Eu sou Aling Teresa, tenho 58 anos.
Uma mãe simples, vendedora de verduras no mercado e mãe solteira do meu filho Marco, que estava prestes a se casar com a mulher que adorava — Lara, uma profissional de uma família rica.

Três meses antes do casamento, eu me sentia ansiosa todos os dias. Não pelo luxuoso evento ou pelo custo, mas por um motivo simples: eu não tinha nada para vestir.
O VESTIDO VERDE
Quando eu era mais jovem, eu tinha um vestido que reservava para ocasiões especiais — um verde, modestamente bordado no peito, com o tecido desbotado pelo tempo e pelas memórias. Usei-o quando dei à luz Marco e novamente quando ele se formou na faculdade.
Agora, com o casamento se aproximando, hesitei em usá-lo novamente. Estava velho, um pouco gasto, mas era tudo o que eu tinha. Tentei pegar emprestado algo novo, mas parecia artificial. Tudo o que podia fazer era ser fiel a mim mesma — ser a mãe que sempre fui.
O DIA DO CASAMENTO
O dia finalmente chegou, cheio de convidados, música e luzes cintilantes. Todos estavam impecavelmente vestidos. Eu me sentia deslocada.
Enquanto caminhava para a igreja, olhares me seguiam — alguns curiosos, outros críticos.
“Talvez seja a mãe do noivo.”
“Coitadinha… ela deveria ter se vestido melhor para o casamento do filho.”
Forcei um sorriso, sem querer que Marco percebesse meu constrangimento. Mas, enquanto me dirigia ao fundo, alguém se aproximou — Lara, minha futura nora.
O MOMENTO QUE MUDOU TUDO
Ela vestia um vestido branco de sonho, sorrindo, mas lágrimas brilhavam em seus olhos. Ela estendeu a mão para a minha — a mão endurecida pela terra, suor e anos de trabalho.
“Mãe,” disse ela suavemente, “é esse o vestido que você usou quando Marco nasceu?”
Eu congelei.
“Como você sabe?” sussurrei.
Ela sorriu, com lágrimas nos olhos. “Marco me contou. Ele disse que sempre que queria se lembrar da profundidade do seu amor, pensava em você — naquele vestido verde, segurando-o na dor, mas sorrindo.”
A igreja parecia silenciar, como se todos estivessem ouvindo.
“Mãe,” continuou, “não quero que você mude nada. Esse vestido… representa cada sacrifício que você fez por Marco. Nada é mais bonito que isso.”
Ela me abraçou no meio da multidão. E naquele abraço, ouvi Marco, agora futuro marido, respirar fundo e silenciosamente. Ele se aproximou e suavemente enxugou minhas lágrimas.
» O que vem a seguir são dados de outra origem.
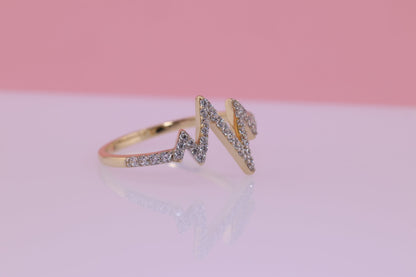 14K Solid Gold Heartbeat Ring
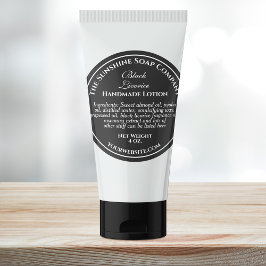 Zwarte zeepcosmetica in vintage stijl met witte te ronde sticker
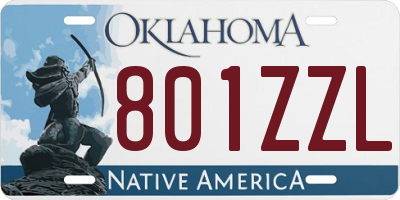 OK license plate 801ZZL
“Mãe, obrigada pelo vestido verde. Toda vez que o vejo, lembro que não existe cor mais bonita que o amor que você me deu.”
AS RISADAS E AS LÁGRIMAS
Após a cerimônia, muitos convidados se aproximaram — não para julgar, mas para celebrar.
“Você está deslumbrante, Mãe Teresa.”
“O verde combina com você — é a cor da própria vida.”
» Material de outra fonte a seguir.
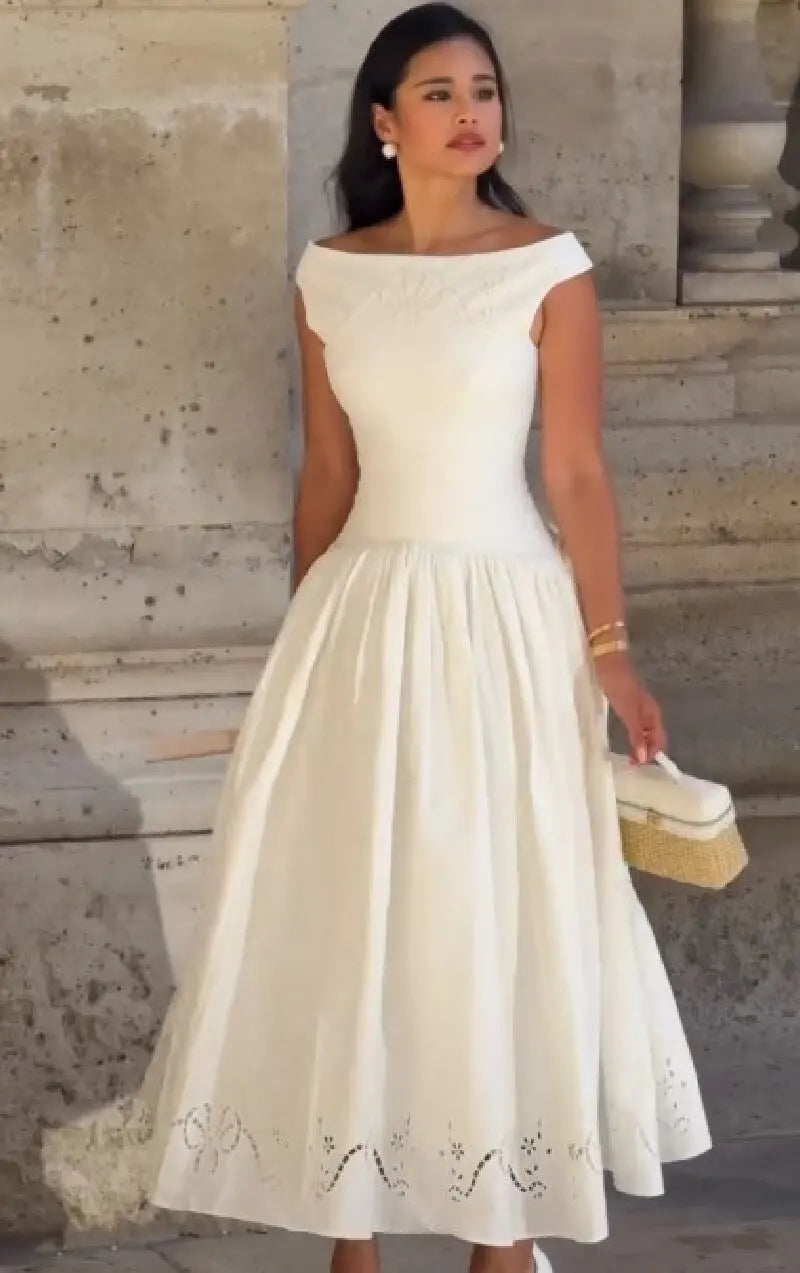 Minimalist White Boat Neck Midi Dress Women Elegant Cap Sleeve A-line Flare Eyelet Embroidery Vestido Wedding  Formal Party Gown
Mais tarde, durante a recepção, Lara pegou o microfone.
“Hoje, quero homenagear esta mulher. Ela pode não usar roupas de grife, mas é a razão pela qual amo Marco. Se há alguém cujo exemplo eu devo seguir como esposa, é a Mãe Teresa.”
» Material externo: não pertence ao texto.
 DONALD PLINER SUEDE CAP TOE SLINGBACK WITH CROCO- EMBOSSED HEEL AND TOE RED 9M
Aplausos preencheram o salão. Fiquei ali chorando, e pela primeira vez, não senti vergonha do meu velho vestido verde. Aquele dia, ele foi o vestido mais precioso que eu poderia vestir — tecido com amor.
A LIÇÃO DE VIDA
A beleza não é definida pelo preço ou pela moda. A verdadeira beleza está nas histórias que cada peça carrega — o suor, o sacrifício e o amor costurados em cada ponto.
Mães, não importa o que vistam, estão sempre radiantes. Cada fio conta uma história de devoção. E se o amor tivesse uma cor, não seria vermelho nem branco — seria verde: a cor da vida que continua a dar, mesmo quando uma mãe está cansada.